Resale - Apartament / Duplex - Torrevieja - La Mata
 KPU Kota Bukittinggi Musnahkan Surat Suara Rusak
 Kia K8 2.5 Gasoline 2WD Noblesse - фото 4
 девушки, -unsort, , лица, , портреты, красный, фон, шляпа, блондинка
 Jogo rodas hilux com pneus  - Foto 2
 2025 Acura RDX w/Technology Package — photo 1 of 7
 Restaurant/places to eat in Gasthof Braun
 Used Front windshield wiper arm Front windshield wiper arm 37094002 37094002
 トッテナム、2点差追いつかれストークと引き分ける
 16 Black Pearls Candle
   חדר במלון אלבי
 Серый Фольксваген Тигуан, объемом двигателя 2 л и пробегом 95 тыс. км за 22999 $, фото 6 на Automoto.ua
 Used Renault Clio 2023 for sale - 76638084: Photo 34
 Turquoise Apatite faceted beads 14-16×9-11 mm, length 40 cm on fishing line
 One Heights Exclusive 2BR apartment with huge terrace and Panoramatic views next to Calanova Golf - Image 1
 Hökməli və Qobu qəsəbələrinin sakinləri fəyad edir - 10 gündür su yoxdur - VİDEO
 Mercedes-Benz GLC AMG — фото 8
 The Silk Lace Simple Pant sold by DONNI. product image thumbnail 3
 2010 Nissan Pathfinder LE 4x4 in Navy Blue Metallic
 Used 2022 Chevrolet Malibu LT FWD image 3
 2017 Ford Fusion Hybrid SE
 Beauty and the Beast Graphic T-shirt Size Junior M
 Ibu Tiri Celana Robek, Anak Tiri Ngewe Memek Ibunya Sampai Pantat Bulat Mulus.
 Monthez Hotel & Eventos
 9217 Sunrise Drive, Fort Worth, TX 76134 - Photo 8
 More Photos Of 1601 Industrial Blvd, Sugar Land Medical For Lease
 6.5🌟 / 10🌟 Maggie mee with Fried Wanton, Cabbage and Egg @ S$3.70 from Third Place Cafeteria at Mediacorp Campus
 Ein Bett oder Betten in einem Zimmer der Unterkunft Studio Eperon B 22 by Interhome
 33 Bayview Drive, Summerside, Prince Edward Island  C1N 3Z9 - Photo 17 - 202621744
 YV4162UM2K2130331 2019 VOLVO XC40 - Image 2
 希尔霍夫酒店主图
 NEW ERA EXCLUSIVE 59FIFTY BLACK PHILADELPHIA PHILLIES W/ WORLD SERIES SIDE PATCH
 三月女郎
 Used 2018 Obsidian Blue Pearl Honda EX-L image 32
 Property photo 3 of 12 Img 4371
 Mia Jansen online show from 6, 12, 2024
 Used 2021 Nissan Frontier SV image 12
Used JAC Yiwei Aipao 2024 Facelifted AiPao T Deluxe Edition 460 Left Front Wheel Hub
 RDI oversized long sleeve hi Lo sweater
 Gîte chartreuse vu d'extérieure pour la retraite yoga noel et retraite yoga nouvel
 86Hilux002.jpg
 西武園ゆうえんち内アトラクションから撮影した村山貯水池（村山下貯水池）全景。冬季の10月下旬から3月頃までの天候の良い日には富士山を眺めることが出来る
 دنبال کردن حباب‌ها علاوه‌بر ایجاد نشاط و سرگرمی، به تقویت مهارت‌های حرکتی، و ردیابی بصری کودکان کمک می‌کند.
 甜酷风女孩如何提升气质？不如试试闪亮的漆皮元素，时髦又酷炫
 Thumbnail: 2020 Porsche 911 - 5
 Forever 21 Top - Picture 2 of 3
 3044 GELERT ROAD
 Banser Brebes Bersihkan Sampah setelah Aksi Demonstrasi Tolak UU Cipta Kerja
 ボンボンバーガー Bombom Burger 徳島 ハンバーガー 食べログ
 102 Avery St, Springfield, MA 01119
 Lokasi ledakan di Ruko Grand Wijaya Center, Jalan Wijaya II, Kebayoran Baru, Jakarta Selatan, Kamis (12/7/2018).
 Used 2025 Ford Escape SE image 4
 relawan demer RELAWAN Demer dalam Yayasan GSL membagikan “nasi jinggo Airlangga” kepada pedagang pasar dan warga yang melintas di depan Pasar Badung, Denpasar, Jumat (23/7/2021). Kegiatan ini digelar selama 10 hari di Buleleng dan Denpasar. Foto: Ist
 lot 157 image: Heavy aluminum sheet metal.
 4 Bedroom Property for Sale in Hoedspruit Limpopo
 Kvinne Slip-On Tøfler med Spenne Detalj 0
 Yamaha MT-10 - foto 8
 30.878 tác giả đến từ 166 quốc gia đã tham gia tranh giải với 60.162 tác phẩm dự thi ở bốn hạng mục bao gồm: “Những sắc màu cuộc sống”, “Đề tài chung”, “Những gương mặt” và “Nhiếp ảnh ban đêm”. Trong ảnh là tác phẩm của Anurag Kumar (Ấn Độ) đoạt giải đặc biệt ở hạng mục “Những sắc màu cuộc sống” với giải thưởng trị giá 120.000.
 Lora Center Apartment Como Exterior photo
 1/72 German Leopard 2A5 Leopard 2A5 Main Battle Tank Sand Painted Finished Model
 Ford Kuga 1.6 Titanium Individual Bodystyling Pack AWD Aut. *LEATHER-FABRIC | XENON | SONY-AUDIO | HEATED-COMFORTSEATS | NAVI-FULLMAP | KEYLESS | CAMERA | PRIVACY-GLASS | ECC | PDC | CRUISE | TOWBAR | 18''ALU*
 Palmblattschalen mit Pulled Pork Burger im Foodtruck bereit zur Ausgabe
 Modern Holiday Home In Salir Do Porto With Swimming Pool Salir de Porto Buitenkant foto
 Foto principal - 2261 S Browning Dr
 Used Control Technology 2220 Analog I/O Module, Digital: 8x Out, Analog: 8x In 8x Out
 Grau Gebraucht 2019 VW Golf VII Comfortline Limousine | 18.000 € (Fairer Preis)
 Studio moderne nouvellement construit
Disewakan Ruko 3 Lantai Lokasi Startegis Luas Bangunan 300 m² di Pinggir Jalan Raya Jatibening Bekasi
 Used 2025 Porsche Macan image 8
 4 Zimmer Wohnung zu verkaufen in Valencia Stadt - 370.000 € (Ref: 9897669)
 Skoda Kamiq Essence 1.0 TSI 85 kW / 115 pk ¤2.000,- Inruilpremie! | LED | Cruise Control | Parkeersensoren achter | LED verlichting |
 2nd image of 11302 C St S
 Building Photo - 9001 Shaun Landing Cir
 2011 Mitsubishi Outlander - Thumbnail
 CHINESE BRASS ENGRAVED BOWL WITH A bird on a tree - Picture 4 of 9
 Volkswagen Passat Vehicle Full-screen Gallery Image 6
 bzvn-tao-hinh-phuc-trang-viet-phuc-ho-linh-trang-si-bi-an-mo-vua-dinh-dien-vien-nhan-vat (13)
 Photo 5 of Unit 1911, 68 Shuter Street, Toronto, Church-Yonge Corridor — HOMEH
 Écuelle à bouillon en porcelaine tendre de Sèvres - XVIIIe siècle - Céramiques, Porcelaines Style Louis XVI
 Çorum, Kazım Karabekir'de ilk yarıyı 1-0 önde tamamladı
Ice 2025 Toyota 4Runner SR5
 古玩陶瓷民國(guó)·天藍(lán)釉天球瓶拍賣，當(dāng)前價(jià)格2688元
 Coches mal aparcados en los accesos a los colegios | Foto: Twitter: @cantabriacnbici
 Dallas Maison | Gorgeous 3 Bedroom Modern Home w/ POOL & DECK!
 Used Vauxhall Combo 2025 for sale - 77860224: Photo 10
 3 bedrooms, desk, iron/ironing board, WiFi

━━━

- _What to work on_
Copy out every line of the material above that contains the string "Ford".

- _Reply to the task_
 2017 Ford Fusion Hybrid SE
 Used 2025 Ford Escape SE image 4
 Ford Kuga 1.6 Titanium Individual Bodystyling Pack AWD Aut. *LEATHER-FABRIC | XENON | SONY-AUDIO | HEATED-COMFORTSEATS | NAVI-FULLMAP | KEYLESS | CAMERA | PRIVACY-GLASS | ECC | PDC | CRUISE | TOWBAR | 18''ALU*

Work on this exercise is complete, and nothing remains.